Data shown —

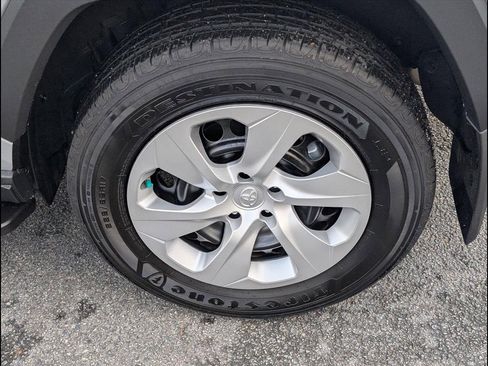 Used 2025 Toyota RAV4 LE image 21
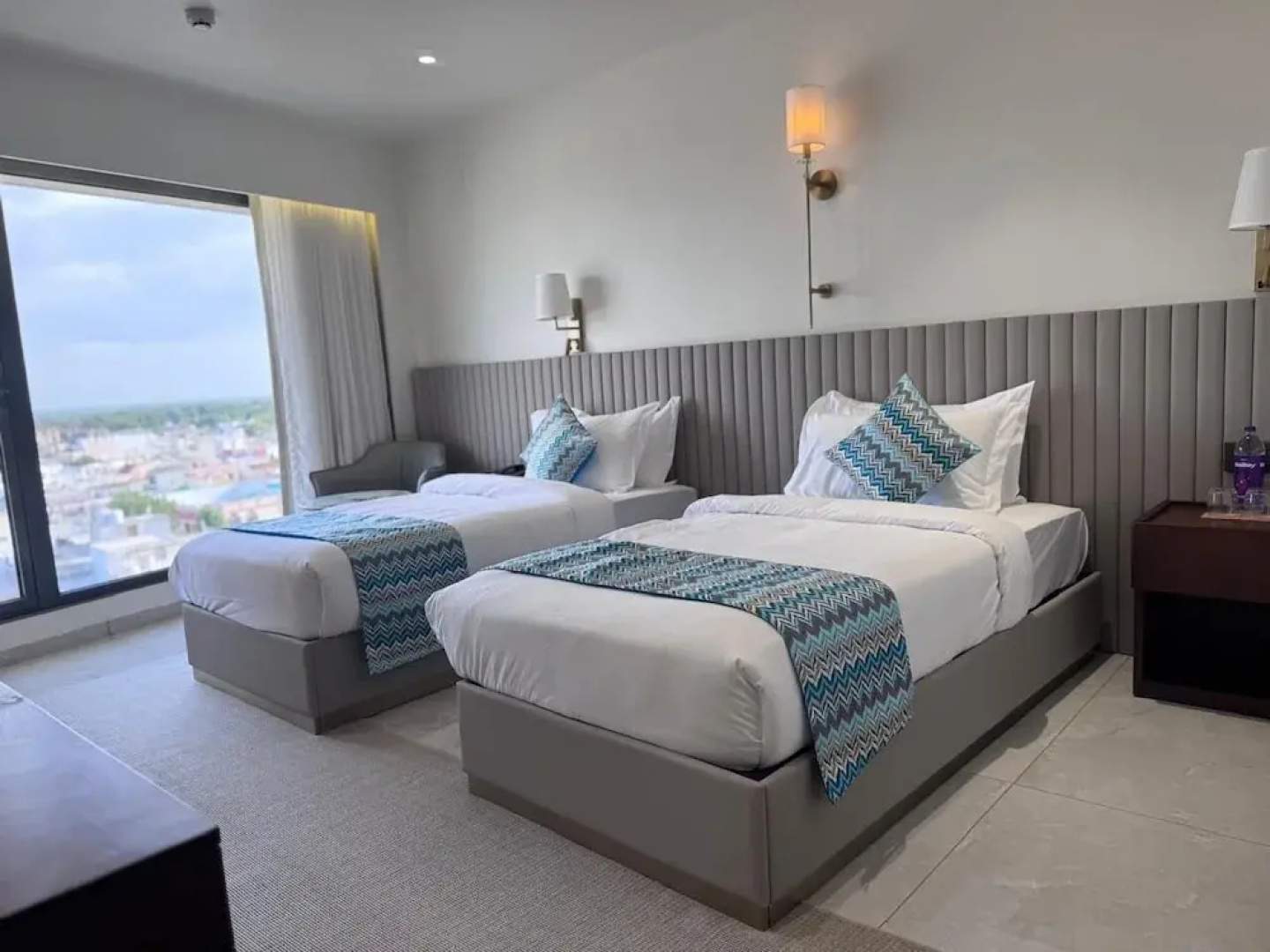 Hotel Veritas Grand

...

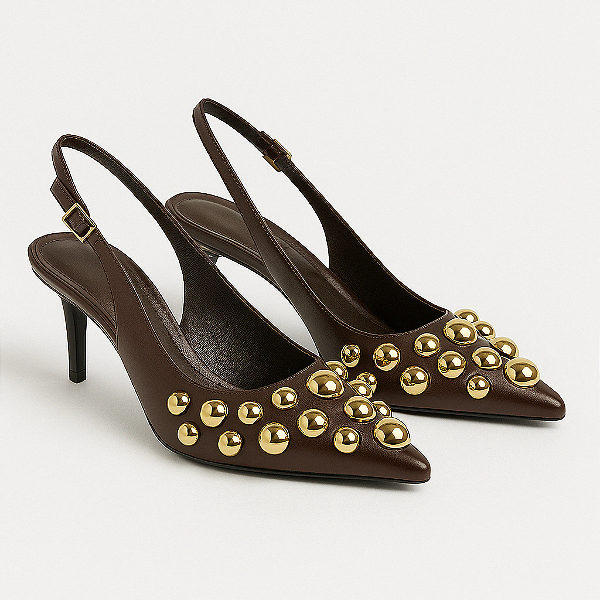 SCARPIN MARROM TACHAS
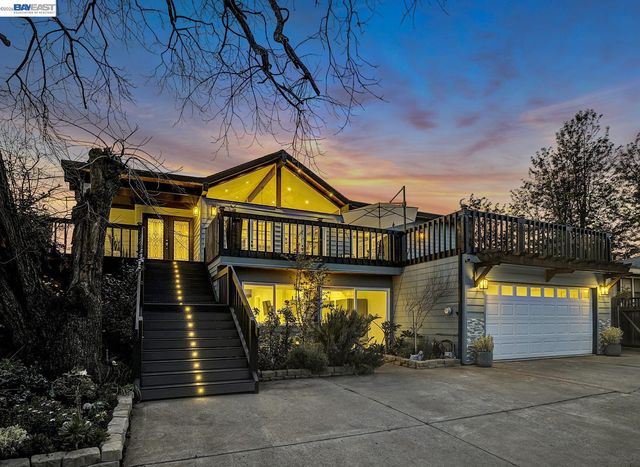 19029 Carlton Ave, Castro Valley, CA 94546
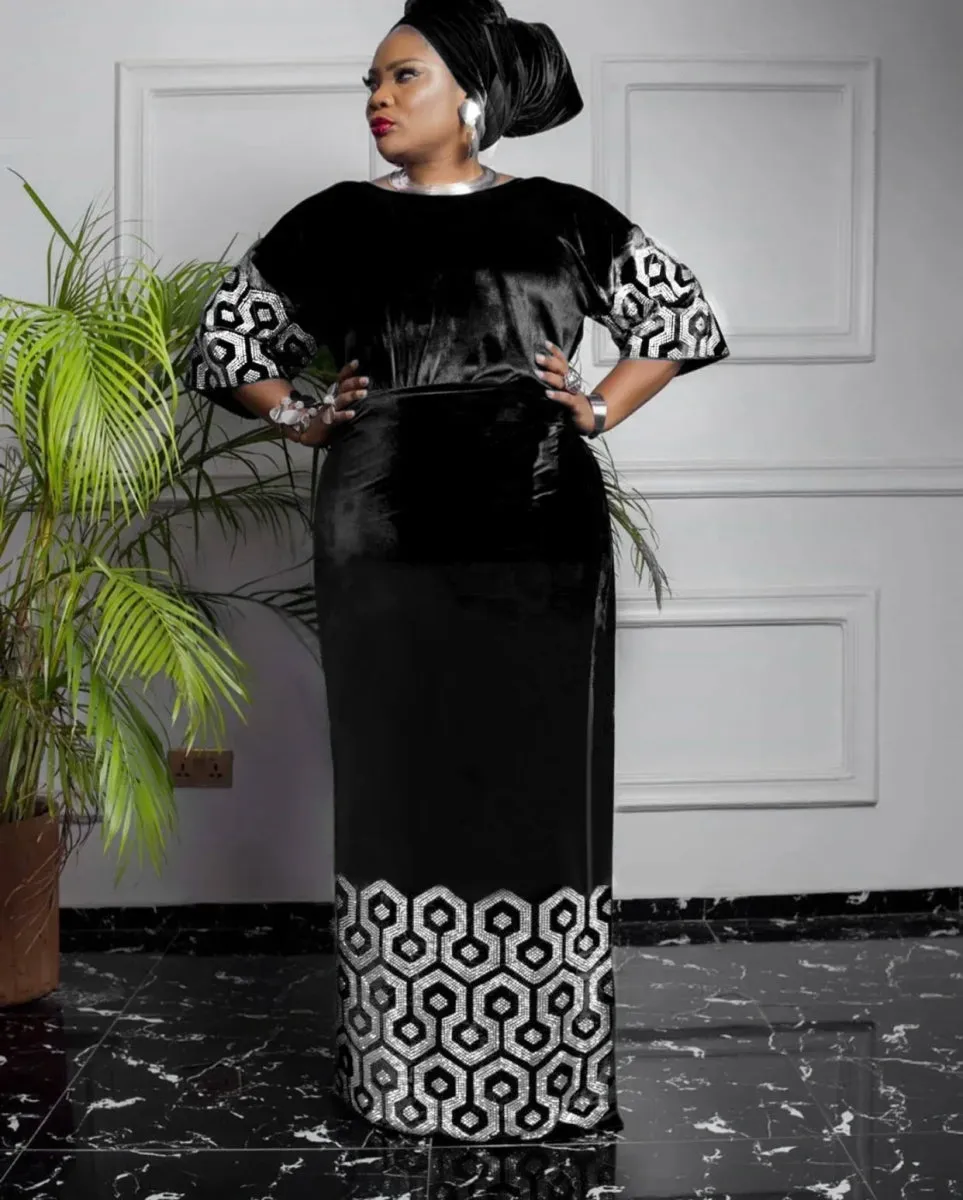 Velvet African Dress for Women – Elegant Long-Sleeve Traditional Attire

About this task — Both boundary lines included, write out word for word only the lines above from the one containing "19029 Carlton Ave, Castro Valley, CA 94546" to the one containing "Velvet African Dress", leaving out any pictures.

Your solution —
 19029 Carlton Ave, Castro Valley, CA 94546
 Velvet African Dress for Women – Elegant Long-Sleeve Traditional Attire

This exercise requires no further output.